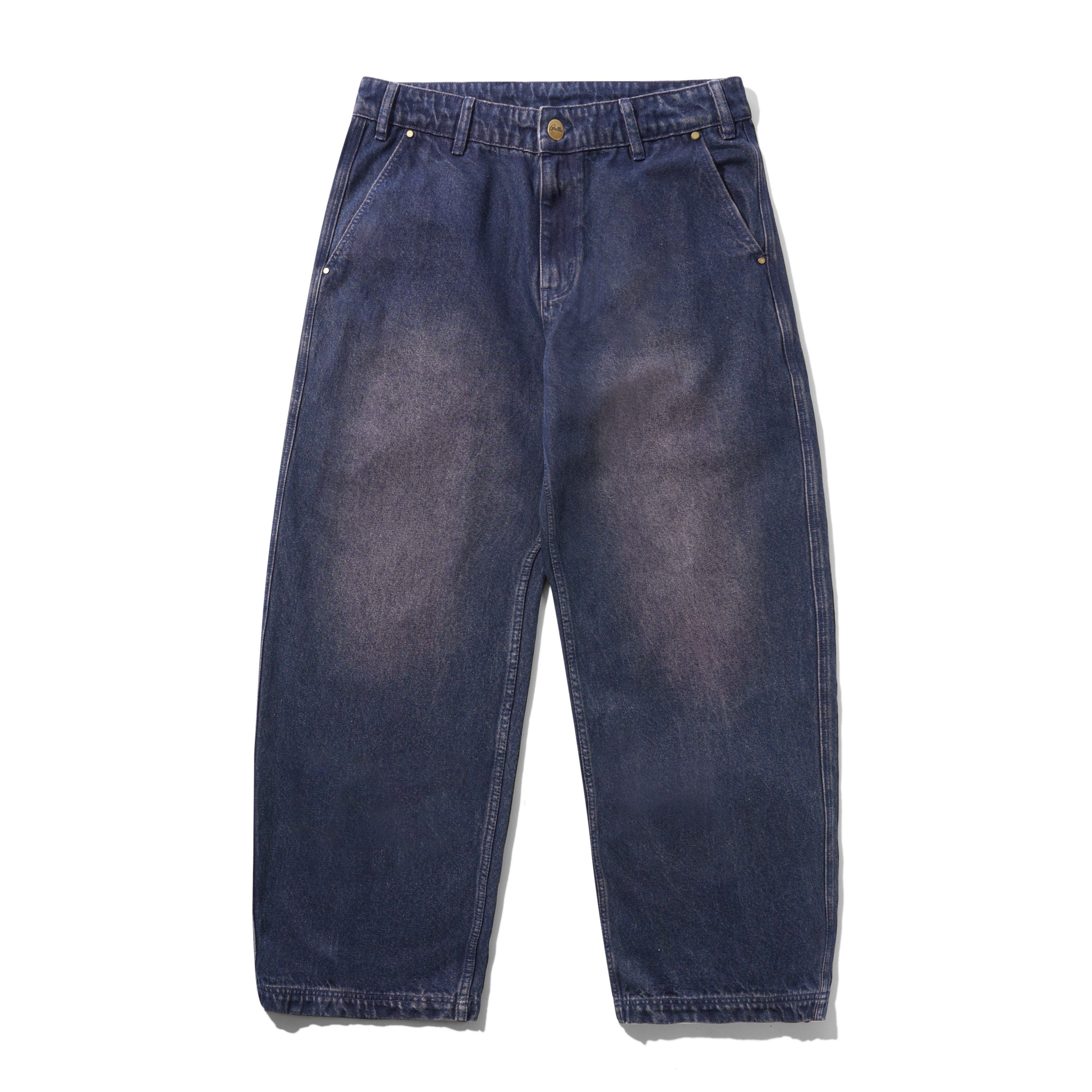 Pair of blue butter goods work jeans on a white background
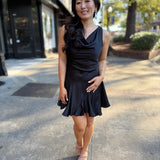 Black Drape Neck Dress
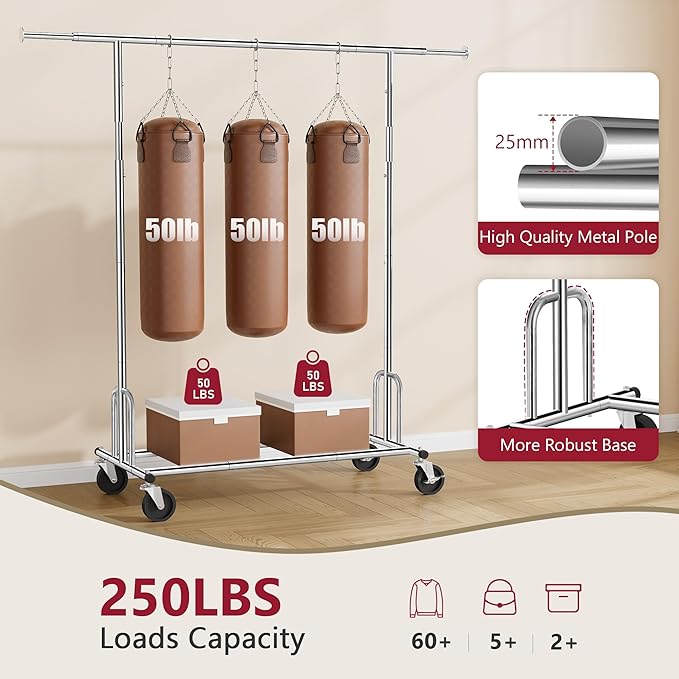 Tajsoon Heavy Duty Clothes Rack Foldable Garment Rack with Wheels and Extendable Rod, Freestanding Clothing Rack for Hanging Clothes, Adjustable ＆ Collapsible Rolling Racks with Bottom Shelf, Chrome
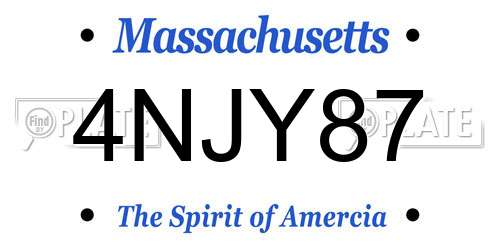4NJY87 Massachusetts License Plate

━━━━━━━━━━

» YOUR GOAL
Every line above should be transcribed word for word; leave the pictures out.

» EXPECTED OUTPUT
 Pair of blue butter goods work jeans on a white background
 Black Drape Neck Dress
 Tajsoon Heavy Duty Clothes Rack Foldable Garment Rack with Wheels and Extendable Rod, Freestanding Clothing Rack for Hanging Clothes, Adjustable ＆ Collapsible Rolling Racks with Bottom Shelf, Chrome
4NJY87 Massachusetts License Plate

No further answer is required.